**Requirement:** From the first line to the last, copy the data exactly and drop the pictures.

**Dataset content:**
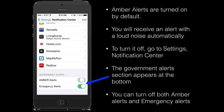To toggle those on and off, you simply turn the little green switch by touching it or sliding it across, and then you'll no longer receive those annoying alerts.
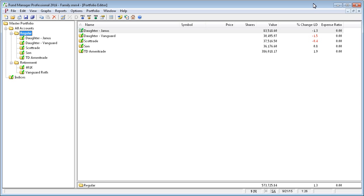Hello, this tutorial will demonstrate how to reconcile your accounts in Fund Manager. Reconciling your accounts verifies the share balances in Fund Manager match the share balances from your statement.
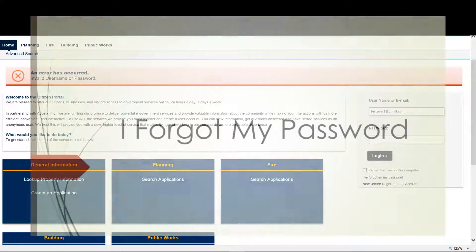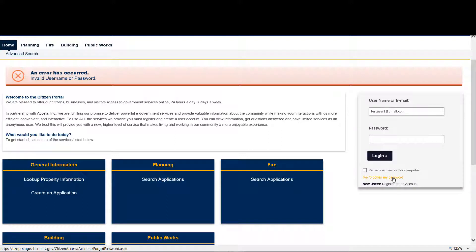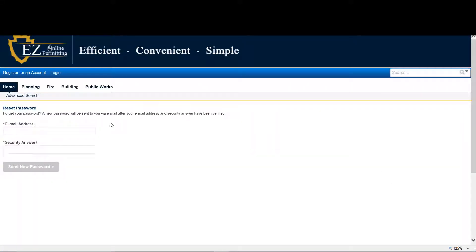If you forget your username or password, you will get the following error. Please go to 'I've forgotten my password', click, and you'll see this screen.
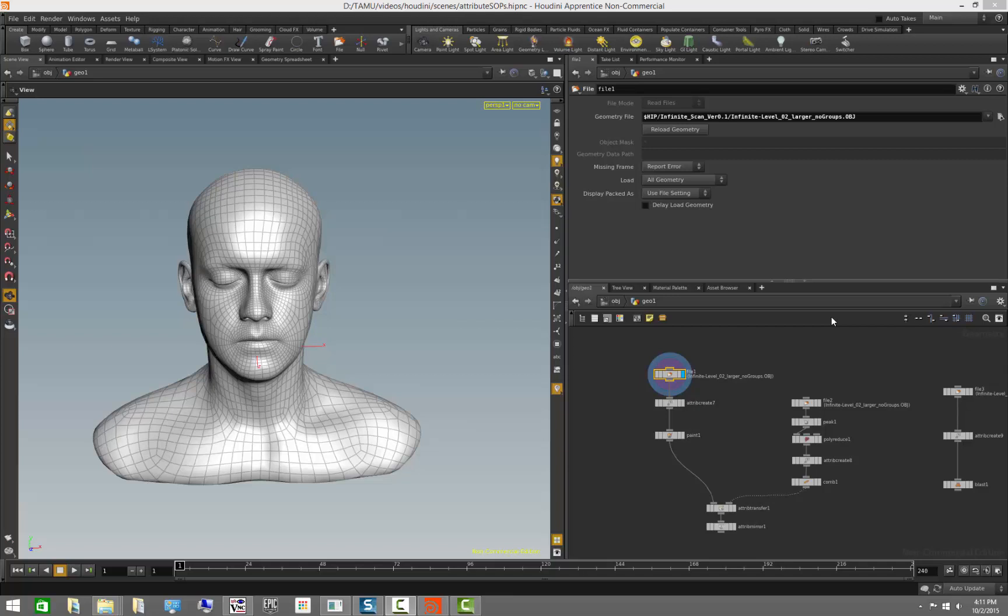Hello, welcome to another Houdini session. My name is Gianvito Serra and today we're going to take a closer look at what we can do with attributes inside of Houdini. We're going to show different ways to create attributes, as well as different ways to manipulate them and move them in between meshes, to get a bit more familiar with the operations available for attributes.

**Answer for the task:**
To toggle those on and off, you simply turn the little green switch by touching it or sliding it across, and then you'll no longer receive those annoying alerts.
Hello, this tutorial will demonstrate how to reconcile your accounts in Fund Manager. Reconciling your accounts verifies the share balances in Fund Manager match the share balances from your statement.
If you forget your username or password, you will get the following error. Please go to 'I've forgotten my password', click, and you'll see this screen.
Hello, welcome to another Houdini session. My name is Gianvito Serra and today we're going to take a closer look at what we can do with attributes inside of Houdini. We're going to show different ways to create attributes, as well as different ways to manipulate them and move them in between meshes, to get a bit more familiar with the operations available for attributes.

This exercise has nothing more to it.